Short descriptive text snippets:
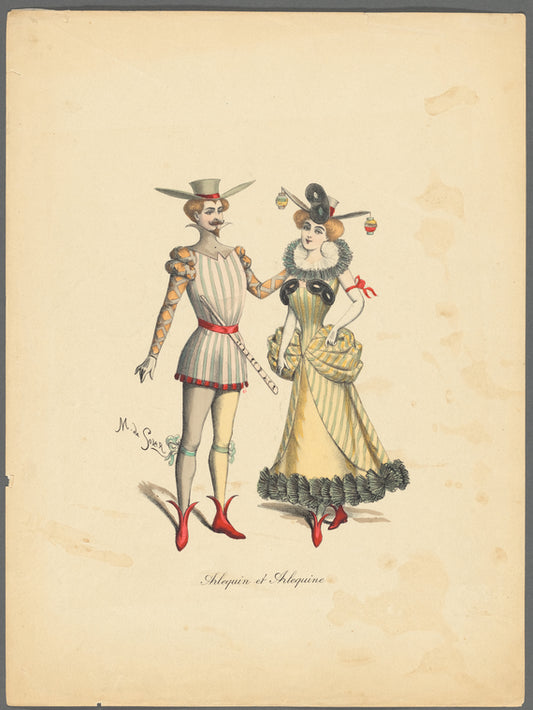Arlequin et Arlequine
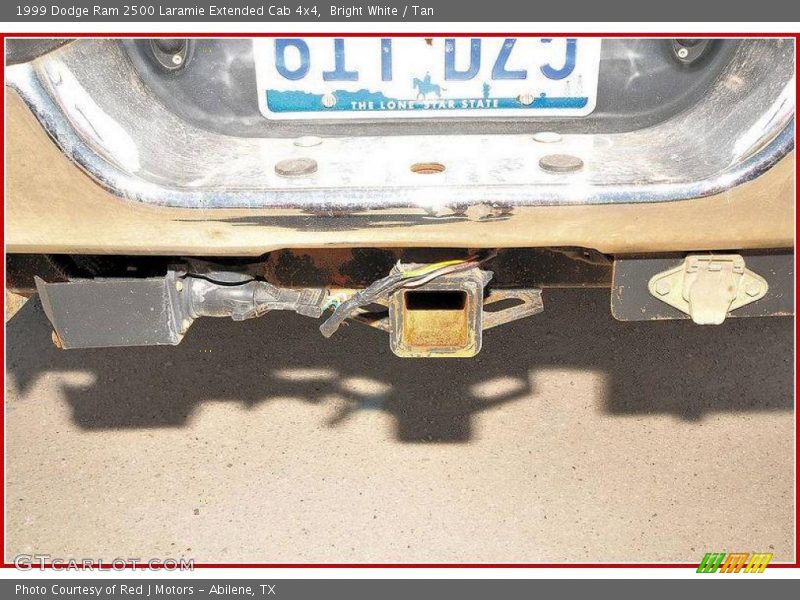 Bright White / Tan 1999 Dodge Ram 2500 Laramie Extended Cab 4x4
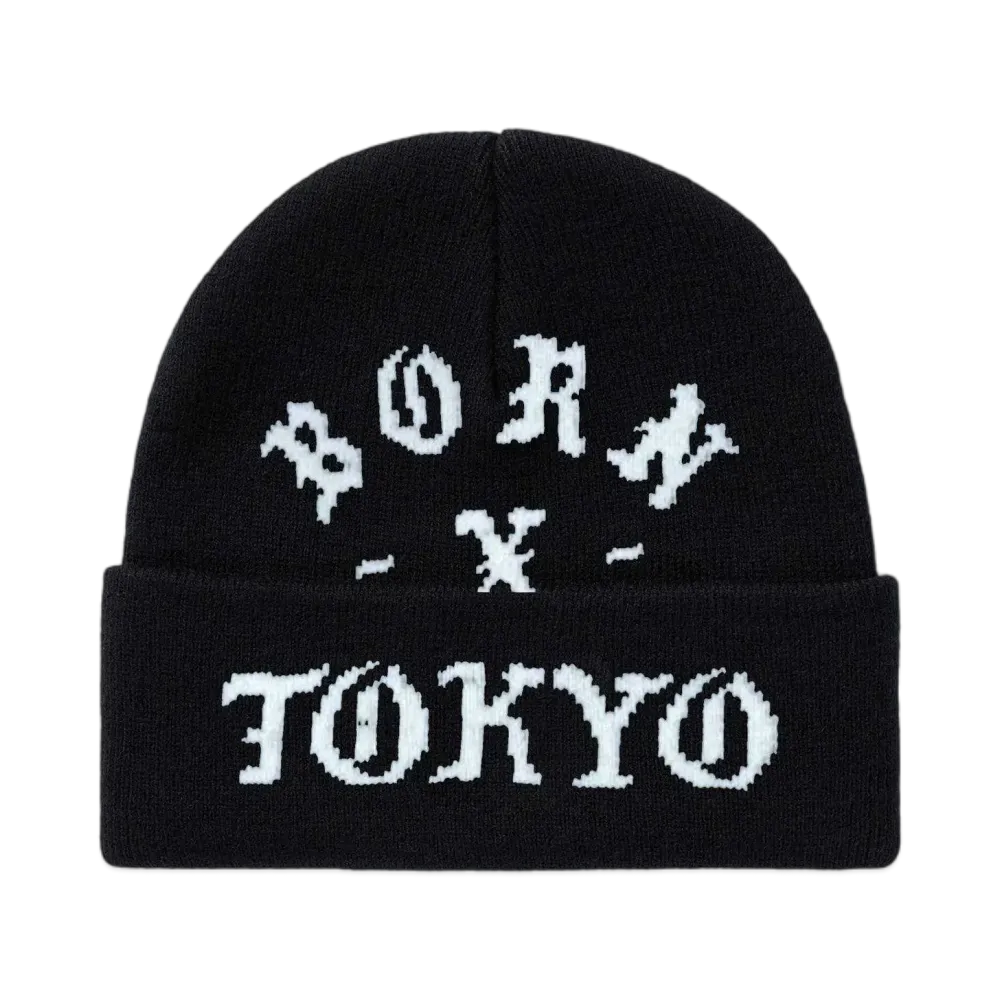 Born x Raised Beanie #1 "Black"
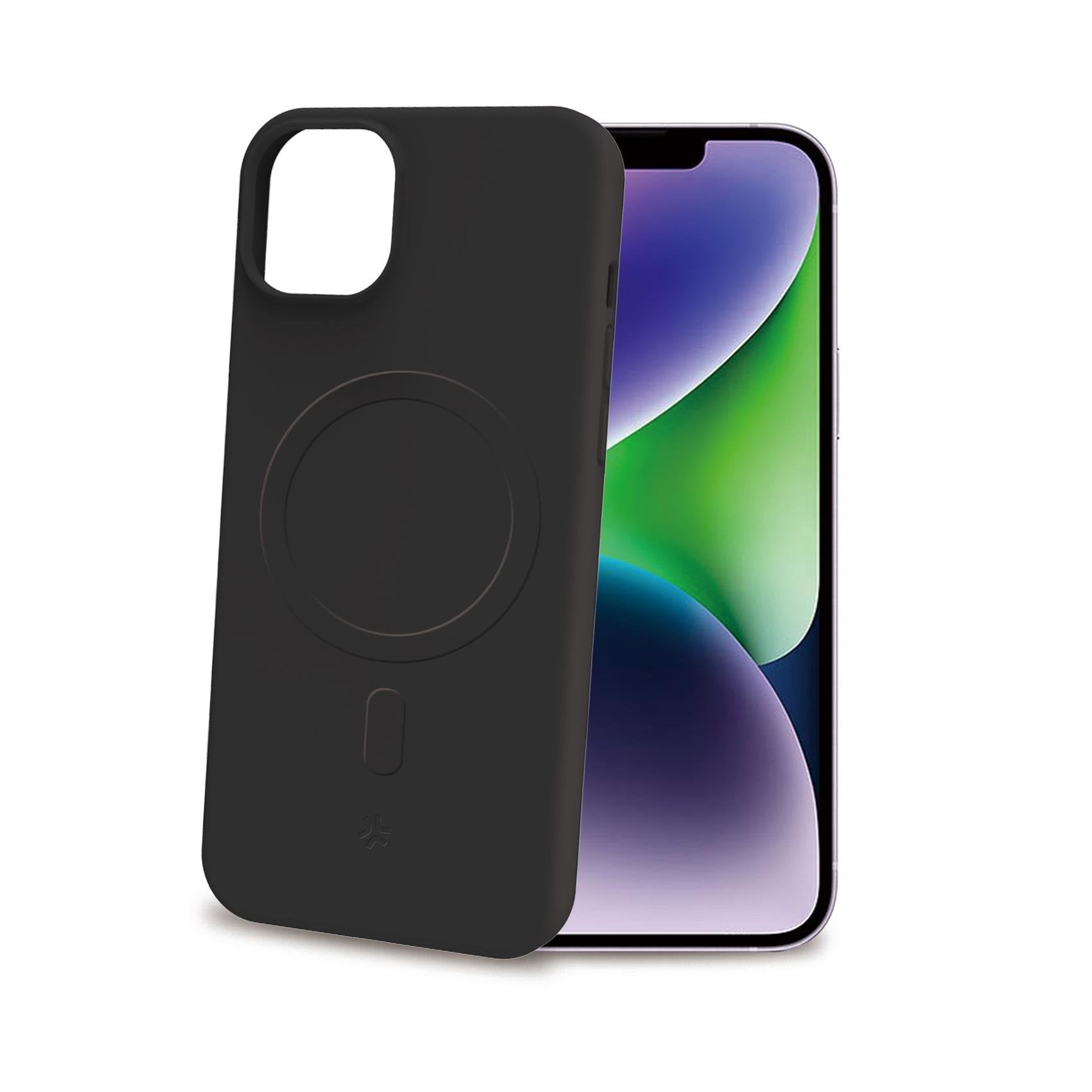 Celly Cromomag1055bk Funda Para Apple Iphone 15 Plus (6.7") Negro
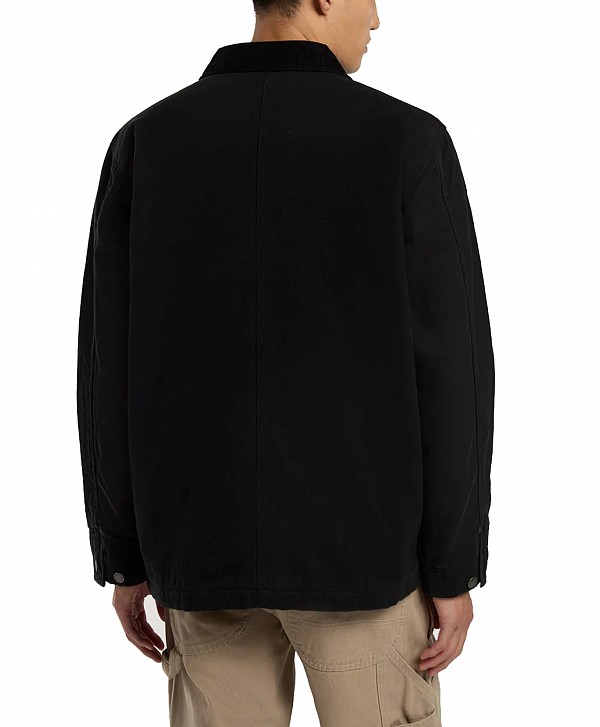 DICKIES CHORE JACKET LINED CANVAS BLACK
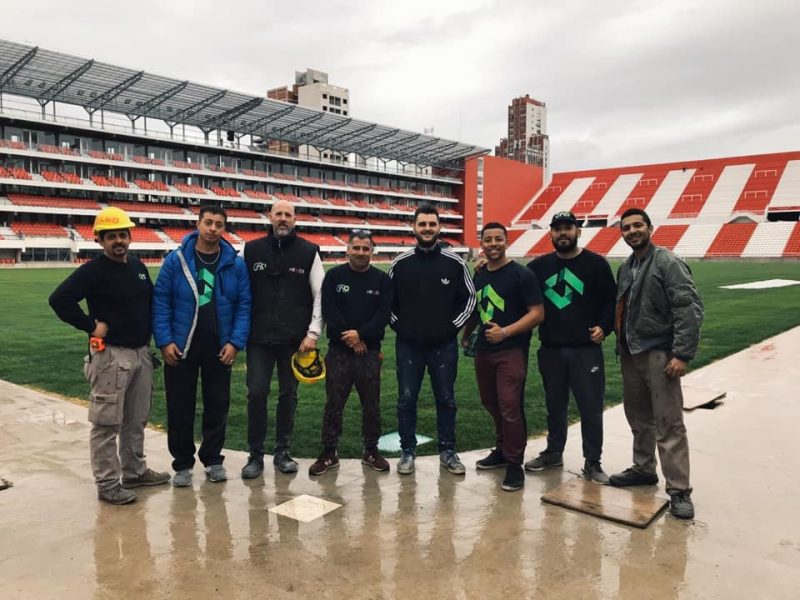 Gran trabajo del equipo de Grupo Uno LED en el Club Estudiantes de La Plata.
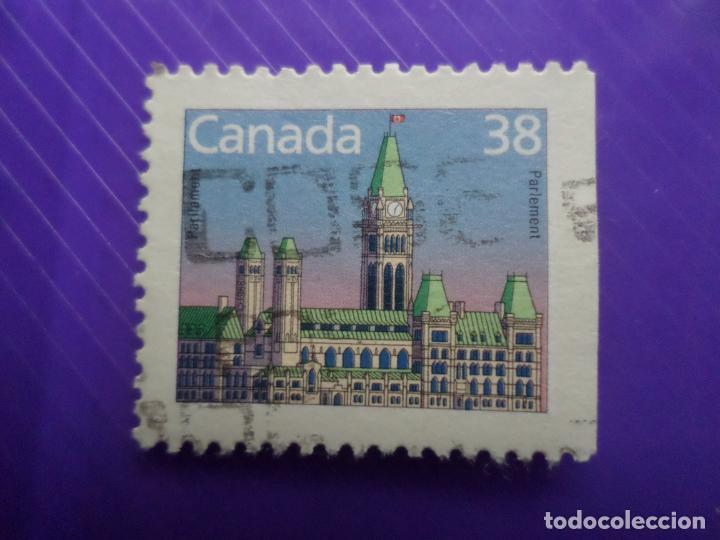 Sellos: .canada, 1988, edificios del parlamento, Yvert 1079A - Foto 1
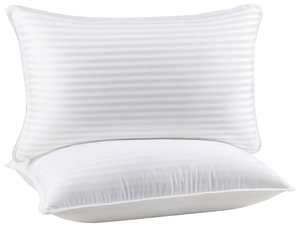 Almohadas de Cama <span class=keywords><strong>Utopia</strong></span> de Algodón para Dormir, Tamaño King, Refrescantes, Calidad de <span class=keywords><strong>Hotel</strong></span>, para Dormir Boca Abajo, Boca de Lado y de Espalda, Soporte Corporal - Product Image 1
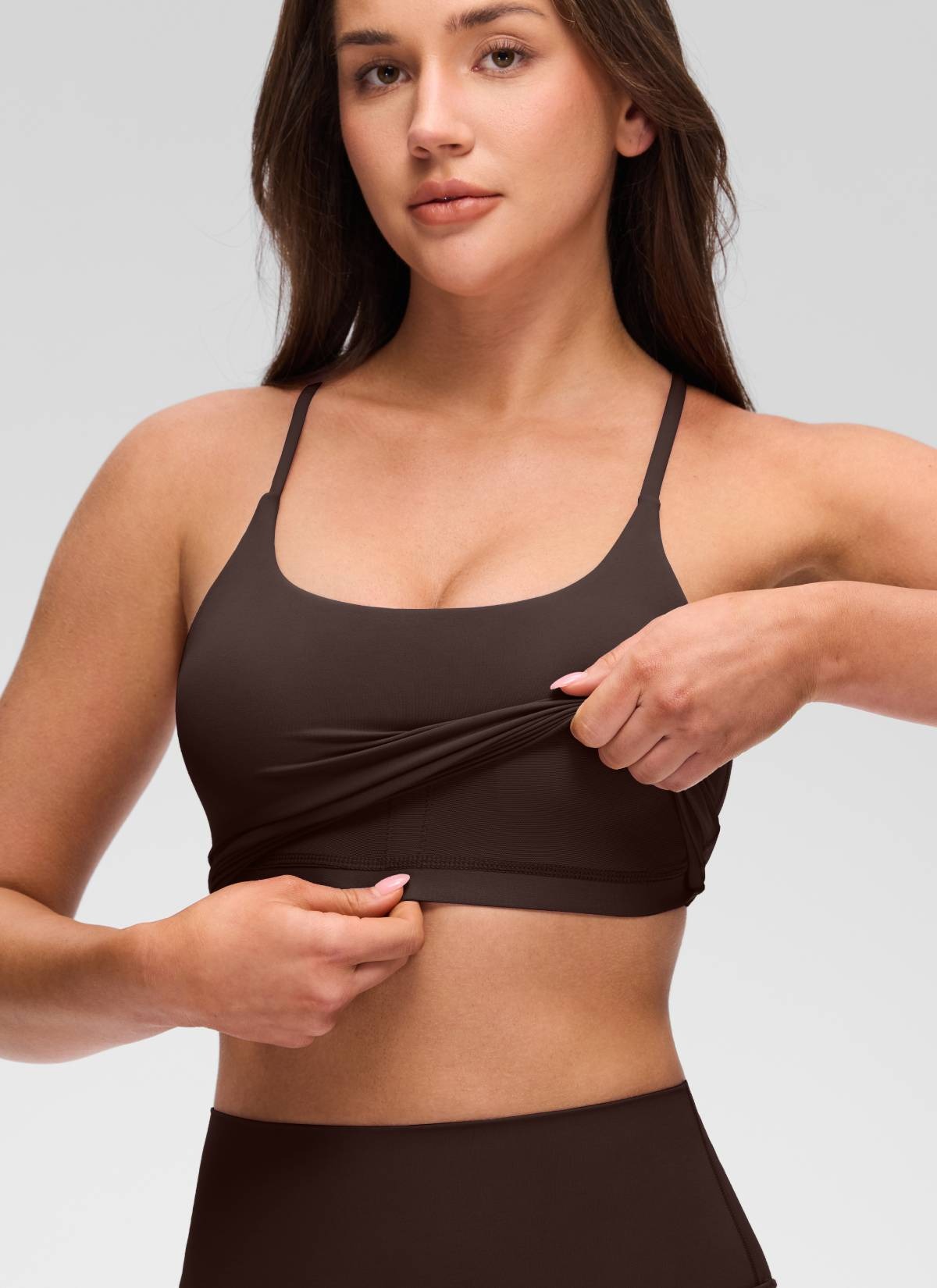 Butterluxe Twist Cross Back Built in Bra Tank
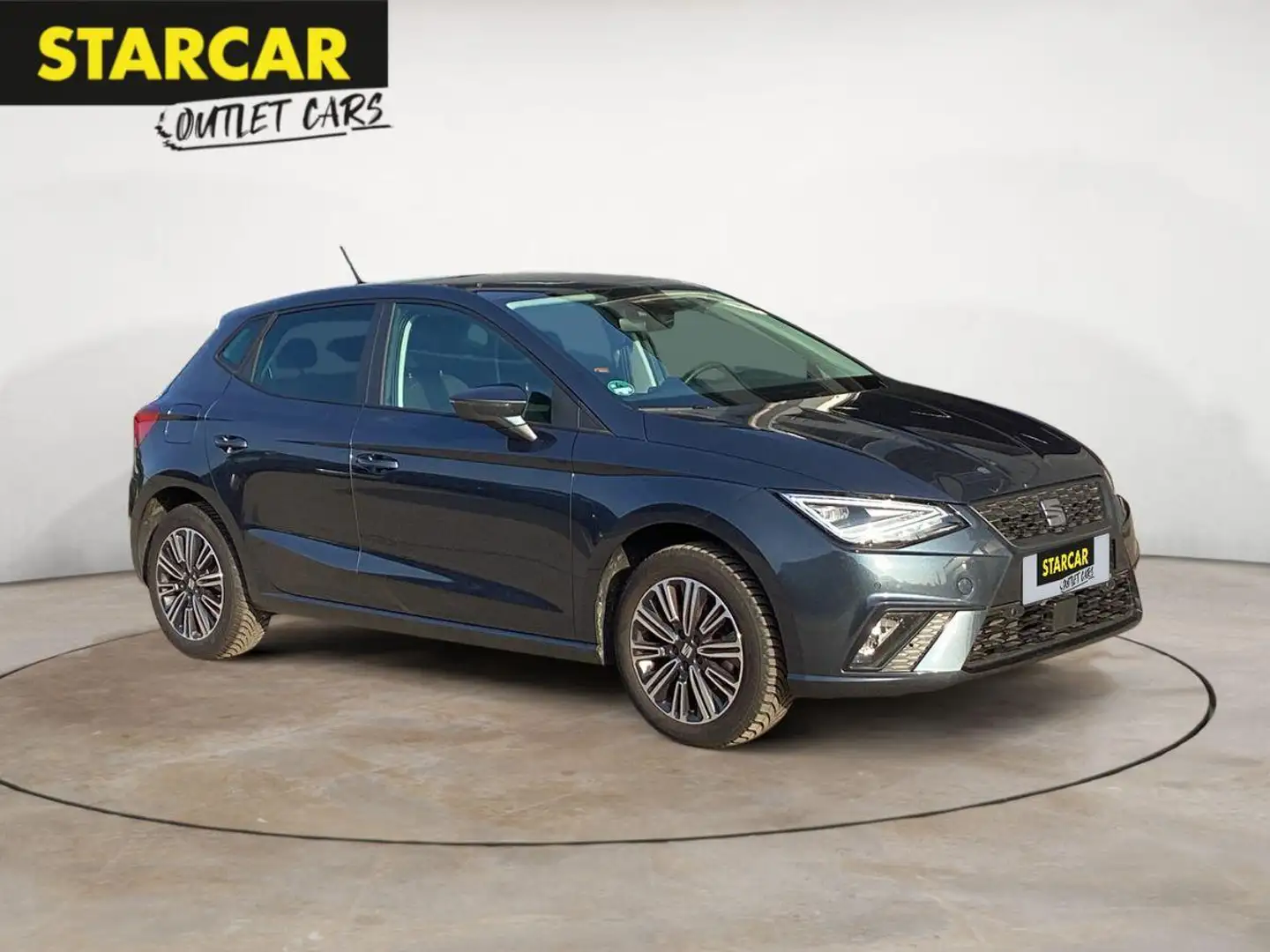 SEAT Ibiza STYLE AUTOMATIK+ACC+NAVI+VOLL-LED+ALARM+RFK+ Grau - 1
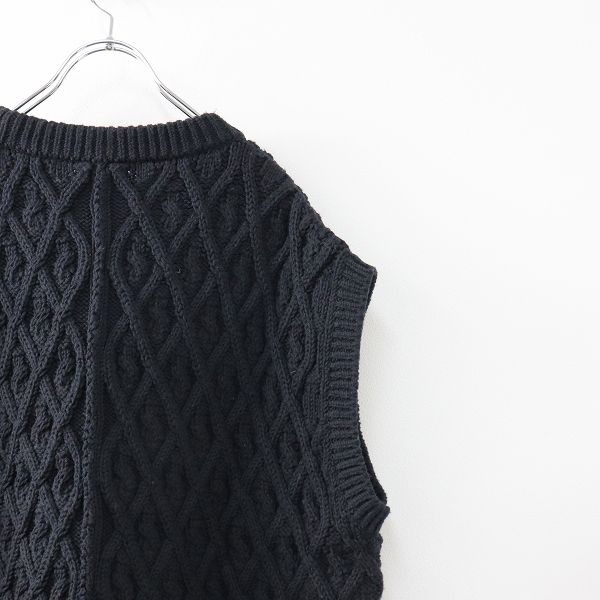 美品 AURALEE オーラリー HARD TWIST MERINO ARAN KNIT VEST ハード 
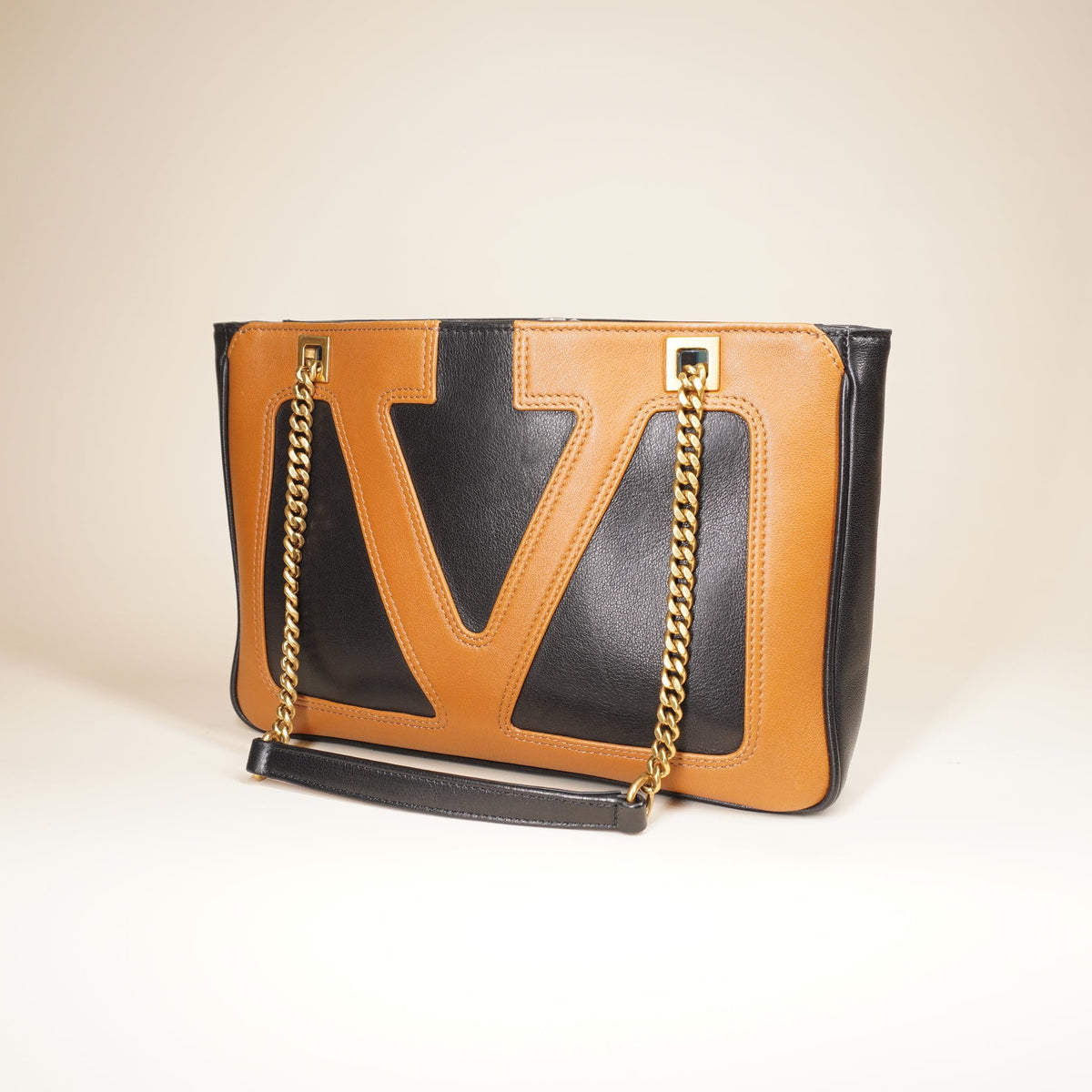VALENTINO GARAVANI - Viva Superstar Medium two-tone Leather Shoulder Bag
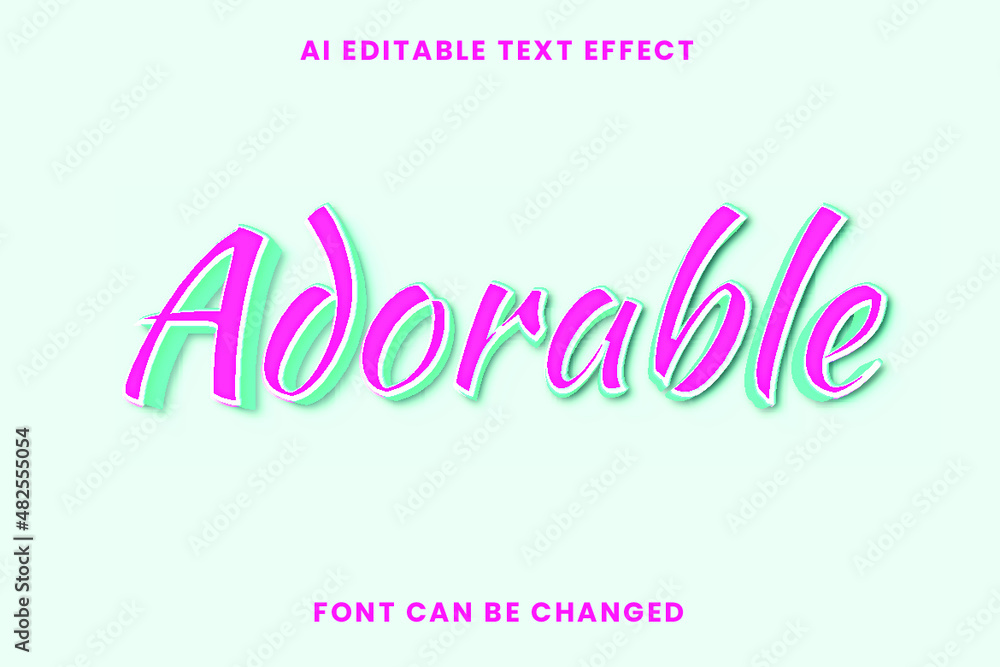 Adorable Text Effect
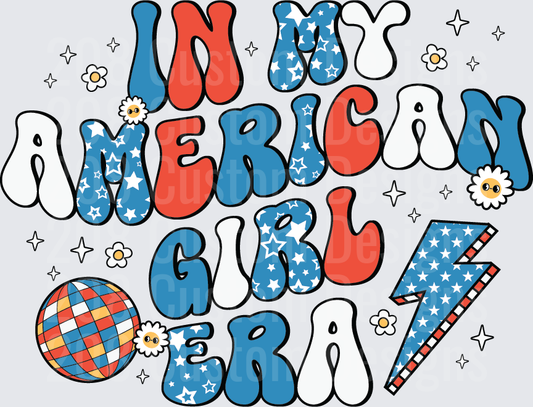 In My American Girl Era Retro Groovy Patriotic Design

WHAT YOU WILL DO: Pictures stay out; the records above are otherwise reproduced exactly.

EXPECTED OUTPUT:
Arlequin et Arlequine
 Bright White / Tan 1999 Dodge Ram 2500 Laramie Extended Cab 4x4
 Born x Raised Beanie #1 "Black"
 Celly Cromomag1055bk Funda Para Apple Iphone 15 Plus (6.7") Negro
 DICKIES CHORE JACKET LINED CANVAS BLACK
 Gran trabajo del equipo de Grupo Uno LED en el Club Estudiantes de La Plata.
 Sellos: .canada, 1988, edificios del parlamento, Yvert 1079A - Foto 1
 Almohadas de Cama <span class=keywords><strong>Utopia</strong></span> de Algodón para Dormir, Tamaño King, Refrescantes, Calidad de <span class=keywords><strong>Hotel</strong></span>, para Dormir Boca Abajo, Boca de Lado y de Espalda, Soporte Corporal - Product Image 1
 Butterluxe Twist Cross Back Built in Bra Tank
 SEAT Ibiza STYLE AUTOMATIK+ACC+NAVI+VOLL-LED+ALARM+RFK+ Grau - 1
 美品 AURALEE オーラリー HARD TWIST MERINO ARAN KNIT VEST ハード 
VALENTINO GARAVANI - Viva Superstar Medium two-tone Leather Shoulder Bag
 Adorable Text Effect
 In My American Girl Era Retro Groovy Patriotic Design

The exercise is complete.